The significant effort in provisions and write-downs, partly offset by substantial cost containment, has been reflected in a return on assets (ROA) of 0.77% for the year as a whole, 15 basis points lower than at the end of last year. For its part, the return on average equity (attributed ROE) was 12.1%, although in this case the decrease observed compared to 2008 is largely due to the sharp increase in equity (the denominator of the ratio).

Regarding the evolution of the margins in the consolidated income statement, the 29.4% increase in net interest income stands out, achieved through appropriate management of spreads in an environment of declining interest rates, especially in the short term. This improvement, together with the positive performance of results from financial operations, which increased by 25%, has offset the stagnation observed in net fee and commission income and the decline in dividends received.

Operating expenses grow moderately, at a rate lower than the growth of the aggregate consolidated balance sheet, with the efficiency ratio before provisions improving by 2.4 percentage points to stand at 41.3%.

Despite the effort made in write-downs amounting to €24,241 million (1.16% of average total assets), 53% more than in 2008, the consolidated result from operating activities recorded a minimal decline of 1.4%. For its part, the consolidated balance sheet closed the 2009 financial year with growth of 4.1%, reaching €2.12 trillion.

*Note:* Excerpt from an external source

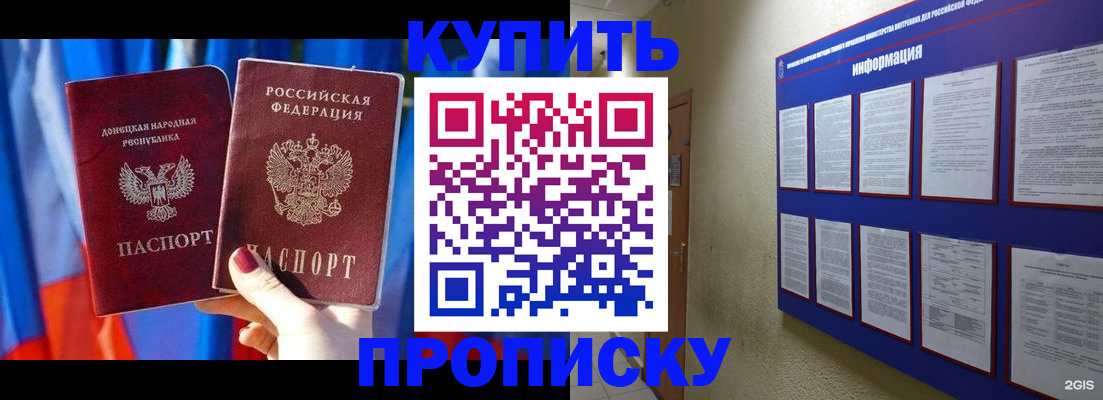 временная регистрация собственник в Вытегре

In a very difficult economic environment, Spanish banking groups increased credit granted to customers by 3.4% in 2009. The non-performing loan ratio reached 4.07% and the coverage ratio stood at 66%. At the same time, customer deposits grew by 10.2%, improving the deposits-to-loans ratio to 72% (67% one year earlier).

The increase in accounting equity of €21,213 million should be highlighted, practically the same effort as that made in write-downs, an increase that for the most part comes from organically generated resources or has been raised in the market through issues.

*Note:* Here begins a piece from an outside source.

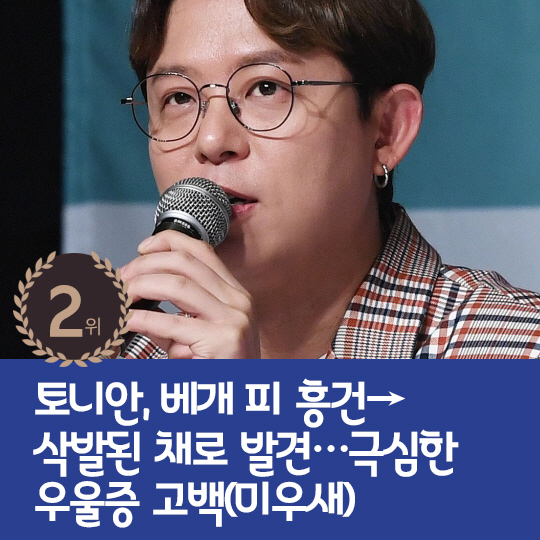 [카드뉴스] 지난주 핫이슈, 별 "원래 임신 잘되는 체질" 고백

The aggregate of the individual statements of Spanish banks presents, in its most relevant aspects, the same trends observed in the consolidated statements. Thus, the aggregate net profit of individual banks amounted to €10,009 million in 2009, representing a decrease of 15.4% compared to that achieved in 2008. The return on total assets (ROA) was 0.68% and in terms of ROE (on equity), 10.14%. In both cases they were lower than those at the end of the previous year.

For its part, the aggregate of individual balance sheets stood at €1.47 trillion at the end of 2009, representing a slight annual decrease of 0.8%. Likewise, and unlike what was observed in the consolidated figures, customer loans decreased by 1%, while customer deposits decreased by 3.7%.

Finally, as of December 31, 2009, the non-performing loan ratio in individual accounts stood at 4.86% and the coverage ratio at 58%.